* _Task_
Your answer should be the full data, transcribed exactly, with no pictures in it.

* _Data below_
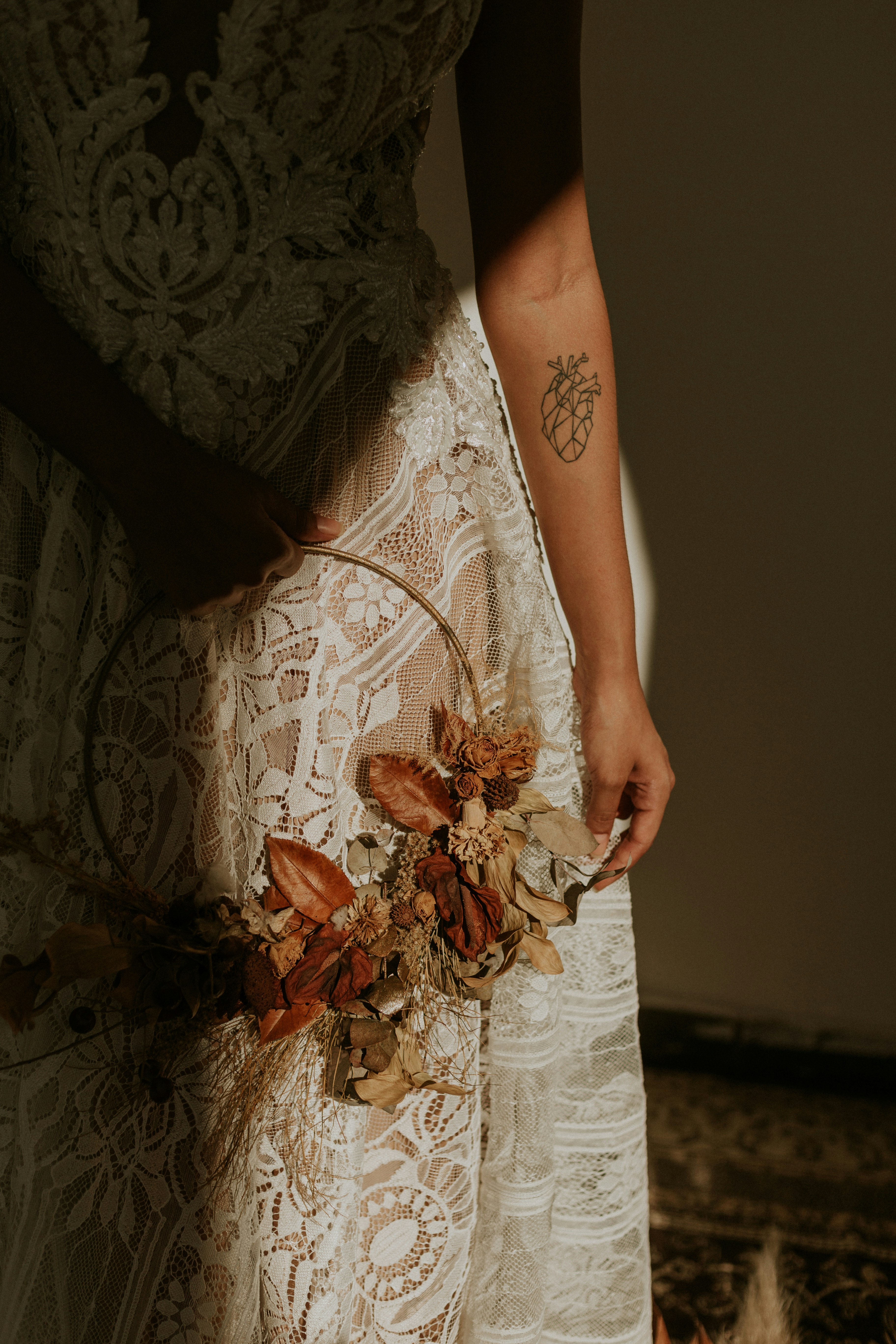 A simple floral arrangement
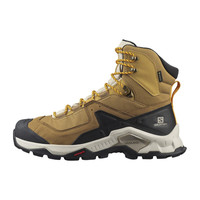 萨洛蒙(Salomon)XUltra4QuestElementGore-Tex舒适耐磨高帮户外功能鞋男款黑黄 40.5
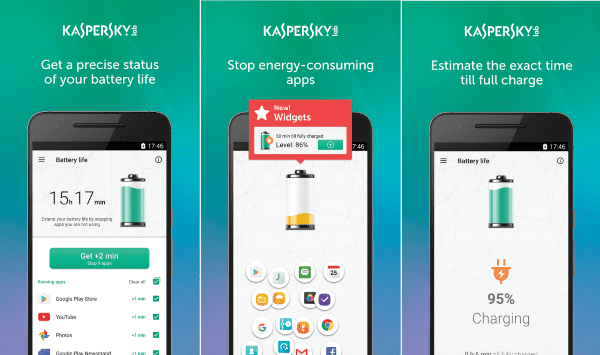 Kaspersky Battery Life Saver Booster 1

* _Response to this task_
 A simple floral arrangement
 萨洛蒙(Salomon)XUltra4QuestElementGore-Tex舒适耐磨高帮户外功能鞋男款黑黄 40.5
 Kaspersky Battery Life Saver Booster 1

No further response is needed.